[Saved entries]
◆ ◆ ◆ ◆ ◆
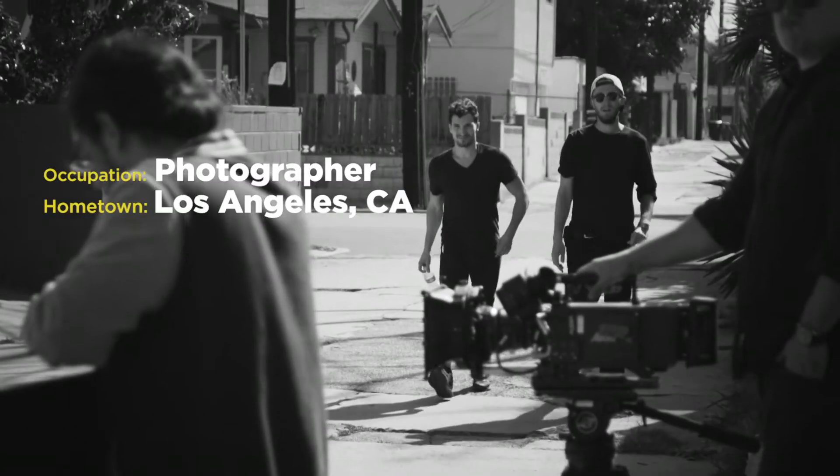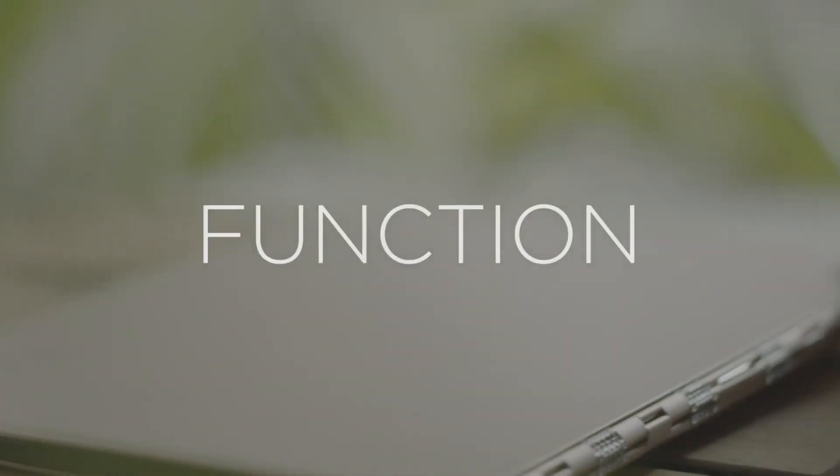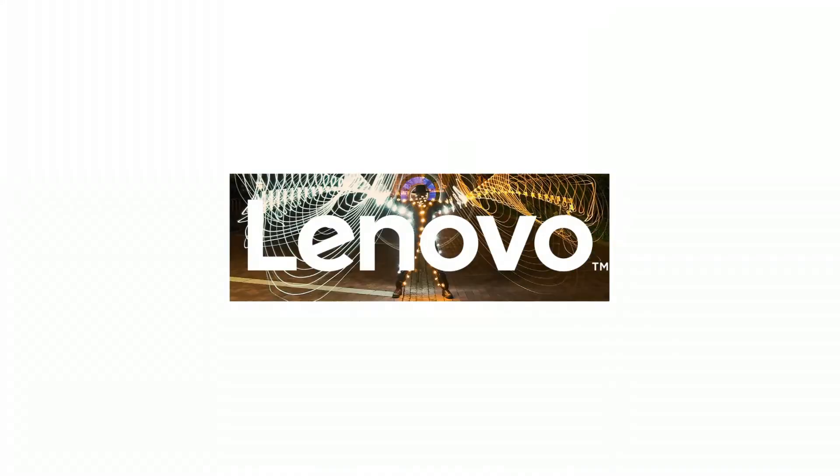I'm a photographer from Los Angeles, California, and I switched for the sleek design. I think I have a pretty good eye for style. My Yoga 900 is the perfect balance of form and function. It's got all the power I need, and the champagne color really pops on set. I'm photographer John Michael Triana, and I'm glad I made the switch.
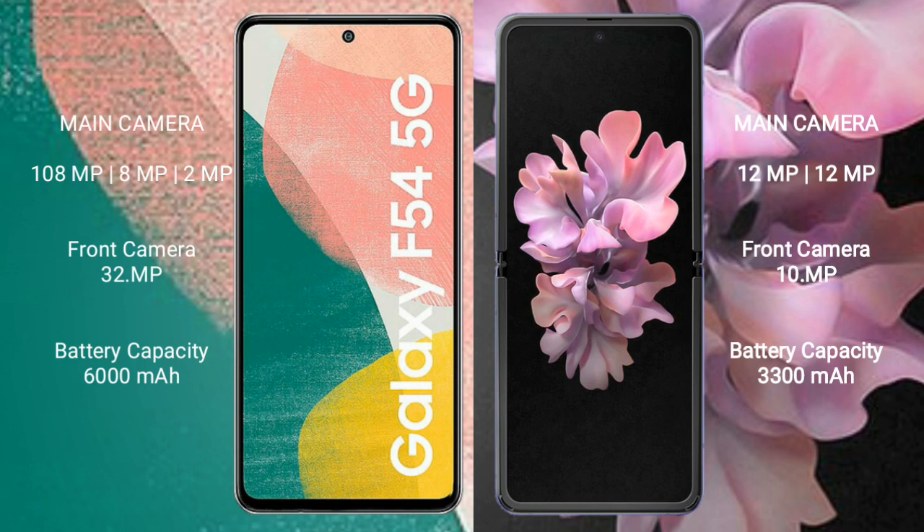The Samsung Galaxy F54 features a rear triple camera setup: 108MP plus 8MP plus 2MP, and a front camera of 32MP. The Samsung Galaxy Z Flip comes with a rear dual camera setup: 12MP plus 12MP, and a front camera of 10MP.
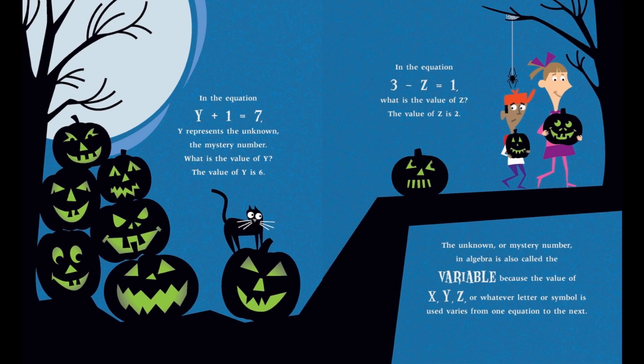In the equation y plus 1 equals 7, y represents the unknown, the mystery number. The value of y is 6. In the equation 3 minus z equals 1, the value of z is 2. The unknown, or mystery number in algebra, is also called the variable, because the value of x, y, z, or whatever letter or symbol is used varies from one equation to the next.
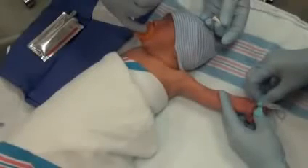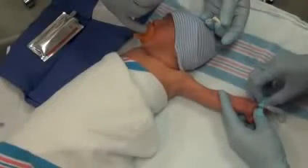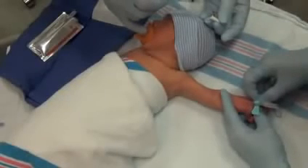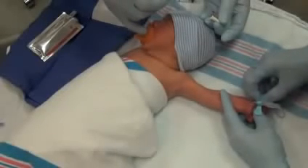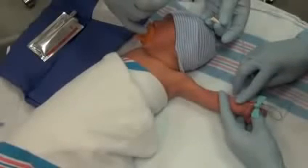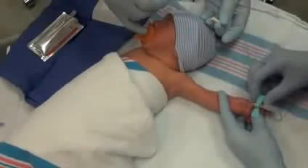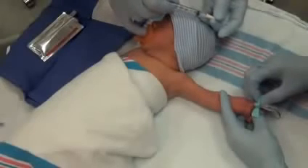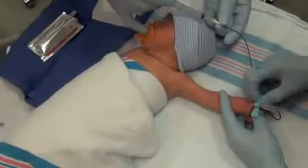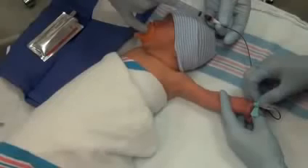If the initial puncture does not yield any blood, palpate the artery above the insertion site. Be careful not to contaminate the insertion site. Adjust the angle of the blood collection set until blood flow is achieved. Leave the end of the blood collection set open to air until blood is identified. Then place a syringe on the open end of the collection set and gently aspirate the required volume of blood.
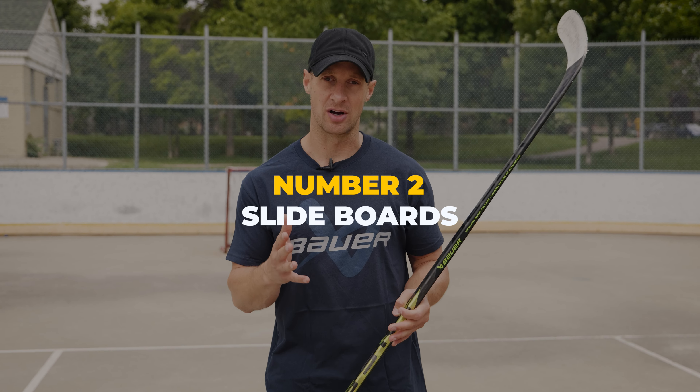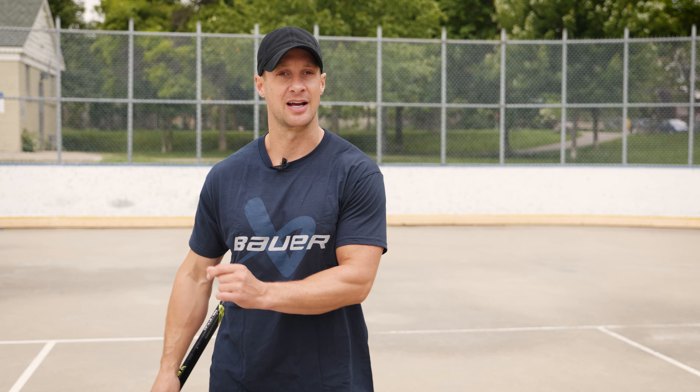Slide boards. Slide boards are just an awesome off-ice training workout. They're great for basically any type of cardio exercise, but especially for skating. You're just going to put a nice sock and a boot over top of your foot — Bauer has got these really great accessories now — and you can set up your own slide boards if you have a good synthetic ice. Slide boards are just a fantastic tool to better your skating off of the ice.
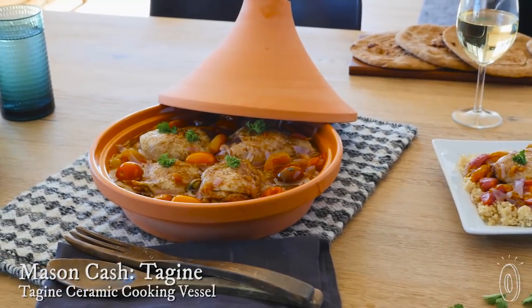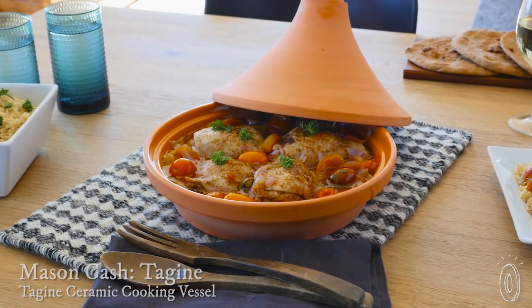This terracotta tagine is inspired by a classic North African cooking vessel. Its design is centuries old, but it works masterfully when it comes to slow cooking and braising, and it can go directly from the oven to the table for serving.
◆ ◆ ◆ ◆ ◆
#### TRY IT
Quote only what lies between the first line of the records and the line containing "The Samsung Galaxy F54", please, including both lines and excluding images.

#### SOLUTION
I'm a photographer from Los Angeles, California, and I switched for the sleek design. I think I have a pretty good eye for style. My Yoga 900 is the perfect balance of form and function. It's got all the power I need, and the champagne color really pops on set. I'm photographer John Michael Triana, and I'm glad I made the switch.
The Samsung Galaxy F54 features a rear triple camera setup: 108MP plus 8MP plus 2MP, and a front camera of 32MP. The Samsung Galaxy Z Flip comes with a rear dual camera setup: 12MP plus 12MP, and a front camera of 10MP.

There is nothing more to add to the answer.